Globo de Ouro premia julgamentos

ESTHER HAMBURGER
em Austin

O julgamento moral está na pauta na televisão nos Estados Unidos, no noticiário e nos seriados. Numa mais que espichada novela, o Congresso examina as evidências, convoca testemunhas, se delicia com a publicidade advinda do exame da vida amorosa do presidente Bill Clinton.
Como que seguindo a onda, "Ally McBeal" e "O Desafio", seriados que a Fox exibe nos EUA e no Brasil às segundas-feiras, lideraram as premiações do Globo de Ouro, no último domingo. Os dois seriados versam sobre batalhas jurídicas em torno da legitimidade de condutas morais.

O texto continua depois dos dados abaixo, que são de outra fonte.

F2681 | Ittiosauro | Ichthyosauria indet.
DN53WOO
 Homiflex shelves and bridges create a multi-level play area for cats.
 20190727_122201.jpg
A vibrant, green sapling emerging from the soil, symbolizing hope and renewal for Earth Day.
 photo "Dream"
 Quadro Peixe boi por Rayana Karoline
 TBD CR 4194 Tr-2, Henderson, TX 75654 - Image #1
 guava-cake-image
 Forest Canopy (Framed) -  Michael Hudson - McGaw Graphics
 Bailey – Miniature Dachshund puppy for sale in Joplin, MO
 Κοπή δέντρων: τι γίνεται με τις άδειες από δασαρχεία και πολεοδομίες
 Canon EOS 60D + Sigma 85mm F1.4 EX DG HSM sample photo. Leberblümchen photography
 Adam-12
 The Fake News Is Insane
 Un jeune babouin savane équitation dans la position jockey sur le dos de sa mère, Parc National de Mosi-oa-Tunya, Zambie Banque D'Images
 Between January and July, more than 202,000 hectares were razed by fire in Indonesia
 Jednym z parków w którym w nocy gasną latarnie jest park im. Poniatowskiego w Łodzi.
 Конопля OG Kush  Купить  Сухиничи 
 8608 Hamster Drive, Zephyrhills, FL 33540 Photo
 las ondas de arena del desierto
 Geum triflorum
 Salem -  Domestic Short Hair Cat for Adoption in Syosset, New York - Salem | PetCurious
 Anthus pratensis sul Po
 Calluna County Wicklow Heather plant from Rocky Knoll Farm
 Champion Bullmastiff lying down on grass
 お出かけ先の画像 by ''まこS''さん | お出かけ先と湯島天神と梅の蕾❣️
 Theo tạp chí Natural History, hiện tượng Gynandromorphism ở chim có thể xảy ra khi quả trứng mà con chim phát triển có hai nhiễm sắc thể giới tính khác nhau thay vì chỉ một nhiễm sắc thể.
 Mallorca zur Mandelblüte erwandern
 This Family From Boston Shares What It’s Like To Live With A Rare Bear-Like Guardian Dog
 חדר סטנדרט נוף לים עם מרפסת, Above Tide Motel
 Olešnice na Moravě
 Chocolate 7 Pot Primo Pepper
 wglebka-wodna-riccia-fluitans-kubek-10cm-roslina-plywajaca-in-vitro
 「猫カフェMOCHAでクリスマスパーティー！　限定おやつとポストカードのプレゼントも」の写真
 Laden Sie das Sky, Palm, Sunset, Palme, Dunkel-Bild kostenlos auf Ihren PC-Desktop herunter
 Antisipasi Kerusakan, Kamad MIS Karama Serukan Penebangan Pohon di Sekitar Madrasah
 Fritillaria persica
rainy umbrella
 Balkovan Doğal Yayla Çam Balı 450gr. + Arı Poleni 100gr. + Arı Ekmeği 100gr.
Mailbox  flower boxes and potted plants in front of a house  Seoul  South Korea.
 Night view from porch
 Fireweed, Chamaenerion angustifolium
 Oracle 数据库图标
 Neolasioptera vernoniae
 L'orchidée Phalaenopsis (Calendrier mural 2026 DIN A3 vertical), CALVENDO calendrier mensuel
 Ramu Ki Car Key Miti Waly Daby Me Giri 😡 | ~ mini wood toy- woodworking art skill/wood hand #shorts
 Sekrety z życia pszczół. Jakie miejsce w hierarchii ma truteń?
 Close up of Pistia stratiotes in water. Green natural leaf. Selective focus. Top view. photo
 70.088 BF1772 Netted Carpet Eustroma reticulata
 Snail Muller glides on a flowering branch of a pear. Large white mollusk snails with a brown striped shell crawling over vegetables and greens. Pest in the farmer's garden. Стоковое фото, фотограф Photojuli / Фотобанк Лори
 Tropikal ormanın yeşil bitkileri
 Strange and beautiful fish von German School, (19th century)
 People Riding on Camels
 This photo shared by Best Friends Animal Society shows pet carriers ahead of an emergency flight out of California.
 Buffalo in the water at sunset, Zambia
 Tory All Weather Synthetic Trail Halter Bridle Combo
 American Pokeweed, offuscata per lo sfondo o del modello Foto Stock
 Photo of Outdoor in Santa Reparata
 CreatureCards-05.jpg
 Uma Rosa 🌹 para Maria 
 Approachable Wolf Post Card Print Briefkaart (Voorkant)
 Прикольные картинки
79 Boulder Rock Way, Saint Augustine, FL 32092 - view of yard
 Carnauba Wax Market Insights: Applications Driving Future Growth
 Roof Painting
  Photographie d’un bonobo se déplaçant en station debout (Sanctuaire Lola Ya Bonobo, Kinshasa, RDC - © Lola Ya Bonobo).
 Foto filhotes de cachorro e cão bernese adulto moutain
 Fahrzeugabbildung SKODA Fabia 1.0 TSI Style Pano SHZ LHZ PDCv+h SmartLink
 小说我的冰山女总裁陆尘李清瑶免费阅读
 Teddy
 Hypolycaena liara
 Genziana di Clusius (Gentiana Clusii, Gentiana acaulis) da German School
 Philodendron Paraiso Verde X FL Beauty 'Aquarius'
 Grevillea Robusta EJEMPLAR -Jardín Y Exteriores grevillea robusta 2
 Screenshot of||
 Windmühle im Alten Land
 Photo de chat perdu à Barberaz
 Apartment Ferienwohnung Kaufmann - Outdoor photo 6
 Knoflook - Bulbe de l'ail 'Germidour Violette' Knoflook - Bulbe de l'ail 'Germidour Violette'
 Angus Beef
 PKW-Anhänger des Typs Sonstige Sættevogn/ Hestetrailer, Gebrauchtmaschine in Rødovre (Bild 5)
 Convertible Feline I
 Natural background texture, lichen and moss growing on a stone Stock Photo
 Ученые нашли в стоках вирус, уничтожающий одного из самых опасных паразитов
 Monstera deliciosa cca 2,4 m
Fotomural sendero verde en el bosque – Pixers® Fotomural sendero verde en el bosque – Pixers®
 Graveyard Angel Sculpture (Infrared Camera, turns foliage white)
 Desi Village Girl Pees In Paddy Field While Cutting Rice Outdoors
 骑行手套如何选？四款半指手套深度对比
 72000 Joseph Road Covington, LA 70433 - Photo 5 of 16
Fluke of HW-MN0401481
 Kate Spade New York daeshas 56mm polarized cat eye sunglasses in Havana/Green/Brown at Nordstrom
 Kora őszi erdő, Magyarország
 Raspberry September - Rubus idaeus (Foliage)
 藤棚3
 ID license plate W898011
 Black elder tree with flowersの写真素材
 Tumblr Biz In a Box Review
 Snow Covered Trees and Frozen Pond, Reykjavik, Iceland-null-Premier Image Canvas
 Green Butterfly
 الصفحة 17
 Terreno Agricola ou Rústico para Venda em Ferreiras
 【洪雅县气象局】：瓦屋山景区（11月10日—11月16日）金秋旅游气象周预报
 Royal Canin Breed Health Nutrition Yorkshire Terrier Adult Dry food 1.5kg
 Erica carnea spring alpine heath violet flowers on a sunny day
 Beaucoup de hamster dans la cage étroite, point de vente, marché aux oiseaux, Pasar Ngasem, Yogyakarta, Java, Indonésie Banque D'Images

A investigação criminal, os procedimentos da acusação e da defesa e o embate regulado pelas armas da lei estruturam o debate sobre a propriedade ética de determinadas condutas não claramente previstas no texto legal. O julgamento oferece um instrumento legítimo, reconhecido por todos como capaz de encontrar padrões adequados do certo e do errado.
Os julgamentos da ficção são também pretextos para o comentário de costumes. Conversas íntimas e situações engraçadas acontecem entre colegas no banheiro do escritório dos jovens advogados.
Os desajustes e inadequações da mulher moderna são tratados com humor. As grandes questões morais são relacionadas ao universo mais barra-pesada dos assassinatos violentos. A firula da lei em geral é evocada para garantir a vitória dos mais justos.
No Brasil, as investigações criminais são conhecidas por não reconstituírem os fatos e por embasarem julgamentos nem sempre confiáveis. Uma Justiça lenta, tida como corrupta e incapaz de ditar rumos a serem realmente adotados, não serviu de metáfora para a ficção.
Ao sul do Equador, o romantismo e o personalismo do melodrama se desenvolveram mais do que o seriado legal. Aqui a vida pública talvez nunca tenha chegado mesmo a ser regida pelos mecanismos impessoais que garantiriam a lisura da vida coletiva.
Nos Estados Unidos, a investigação criminal vinha servindo de metáfora para ilustrar a pesquisa em busca da verdade. O procedimento burocrático dos processos jurídicos parecia ser capaz de terminar em veredictos confiáveis.
Mas a narrativa infindável da soap-opera parece ter contagiado a lisura racionalista dos processos jurídicos. Casos como o de O.J. Simpson mobilizaram o mundo.
E no interminável julgamento de Bill Clinton, as minúcias da lei chegam ao limite do absurdo. Aqui trata-se de discutir definições conceituais para os atos mais essenciais. O seriado legal aqui parece ter perdido a força para uma narrativa mais do tipo soap-opera, as novelas americanas que não têm fim porque seguem o ritmo da vida.